MFE spectrogram of an alarm (1-sec window)
Mel-filterbank energy features
- Frame length: The length of each frame in seconds
- Frame stride: The step between successive frame in seconds
- Filter number: The number of triangular filters applied to the spectrogram
- FFT length: The FFT size
- Low frequency: Lowest band edge of Mel-scale filterbanks
- High frequency: Highest band edge of Mel-scale filterbanks
- Noise floor (dB): signal lower than this level will be dropped
The features' extractions is similar to the Spectrogram (Frame length, Frame stride, and FFT length parameters are the same) but it adds 2 extra steps.
After computing the spectrogram, triangular filters are applied on a Mel-scale to extract frequency bands. They are configured with parameters Filter number, Low frequency and High frequency to select the frequency band and the number of frequency features to be extracted.
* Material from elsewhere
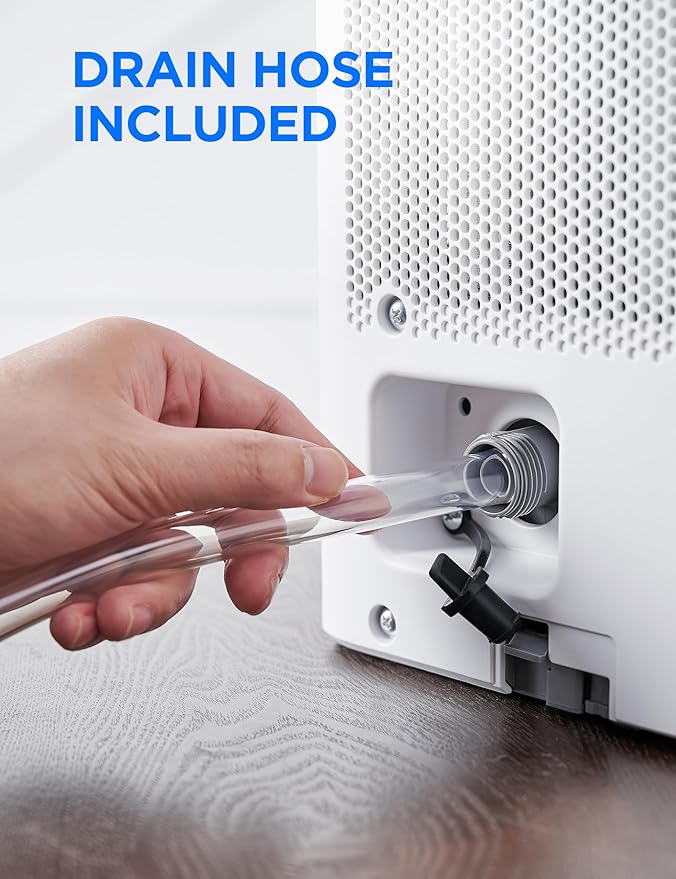 Midea Cube 50 Pint Dehumidifier for Basement and Rooms at Home for up to 4,500 Sq. Ft., Smart Control, Compatible with Alexa (White), Drain Hose Included - Image 7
The Mel-scale is a perceptual scale of pitches judged by listeners to be equal in distance from one another. The idea is to extract more features (more filter banks) in the lower frequencies, and less in the high frequencies, thus it performs well on sounds that can be distinguished by human ear.
The last step is to perform a local mean normalization of the signal, applying the Noise floor value to the power spectrum.